* _Data excerpt_:
+--
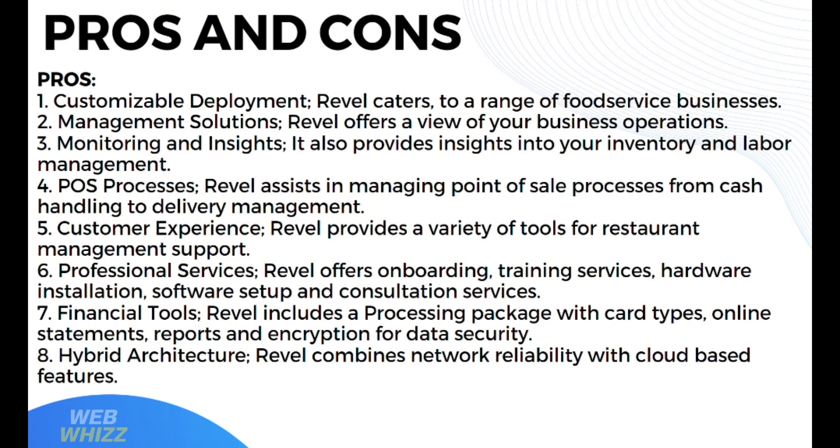In terms of customer experience, Revel provides a variety of tools for restaurant management support. In terms of professional services, Revel offers onboarding, training services, hardware installation, software setup, and consultation services. In terms of financial tools, Revel includes a processing package with multiple card types, online statements, reports, and encryption for data security. It also has hybrid architecture, combining network reliability with cloud-based features.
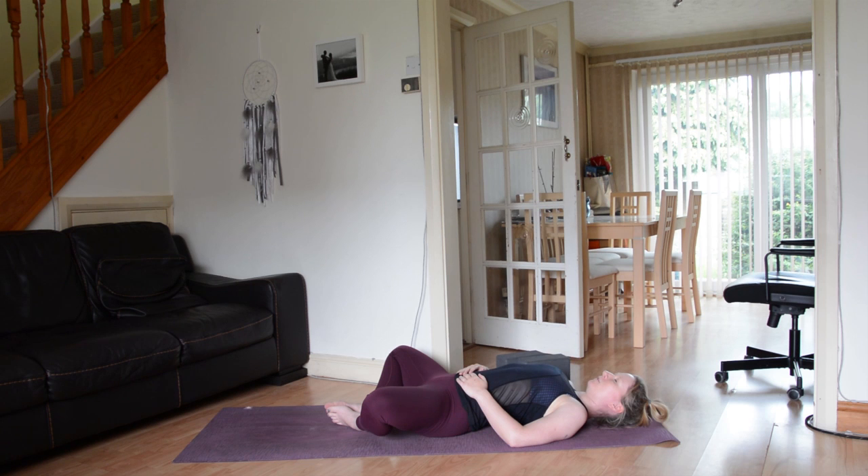Letting go of whatever kind of day or week you've had, and allowing yourself to arrive in this space. Allowing the jaw to soften, the face to soften, and softening down through that little space behind the backs of the ears. Go ahead and take a really nice deep breath in through the nose, and a big exhale out through the mouth. Two more breaths just like that — big inhale, easy exhale. And one more time, big inhale, easy exhale. Coming back to the breath in and out through the nose.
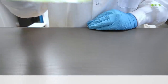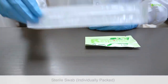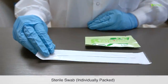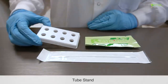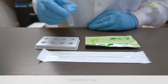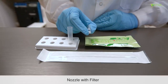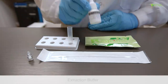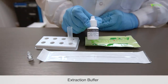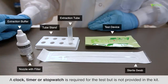The test kit contains a test device, a sterile swab, a tube stand, an extraction tube, a nozzle with filter, and an extraction buffer. A clock, timer, or stopwatch is required for the test but is not provided in the kit.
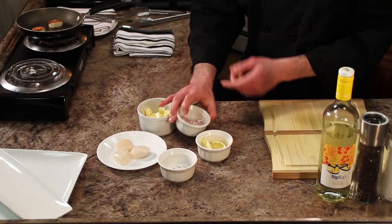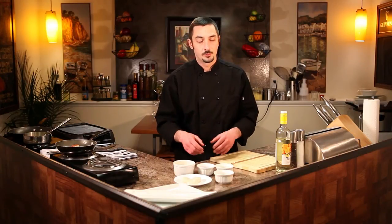To make the tarragon butter sauce is very simple as well. I'm going to start off with a little bit of shallot and a little bit of butter. You're going to sweat the shallots — that just means until they're nice and translucent, not browned at all. Then you're going to add a little bit of white wine. You can use a dry white wine; table wine is fine, not the stuff you're going to drink with the meal.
+--
* _What is needed_:
Copy out all the data exactly; skip the pictures.

* _Expected answer_:
In terms of customer experience, Revel provides a variety of tools for restaurant management support. In terms of professional services, Revel offers onboarding, training services, hardware installation, software setup, and consultation services. In terms of financial tools, Revel includes a processing package with multiple card types, online statements, reports, and encryption for data security. It also has hybrid architecture, combining network reliability with cloud-based features.
Letting go of whatever kind of day or week you've had, and allowing yourself to arrive in this space. Allowing the jaw to soften, the face to soften, and softening down through that little space behind the backs of the ears. Go ahead and take a really nice deep breath in through the nose, and a big exhale out through the mouth. Two more breaths just like that — big inhale, easy exhale. And one more time, big inhale, easy exhale. Coming back to the breath in and out through the nose.
The test kit contains a test device, a sterile swab, a tube stand, an extraction tube, a nozzle with filter, and an extraction buffer. A clock, timer, or stopwatch is required for the test but is not provided in the kit.
To make the tarragon butter sauce is very simple as well. I'm going to start off with a little bit of shallot and a little bit of butter. You're going to sweat the shallots — that just means until they're nice and translucent, not browned at all. Then you're going to add a little bit of white wine. You can use a dry white wine; table wine is fine, not the stuff you're going to drink with the meal.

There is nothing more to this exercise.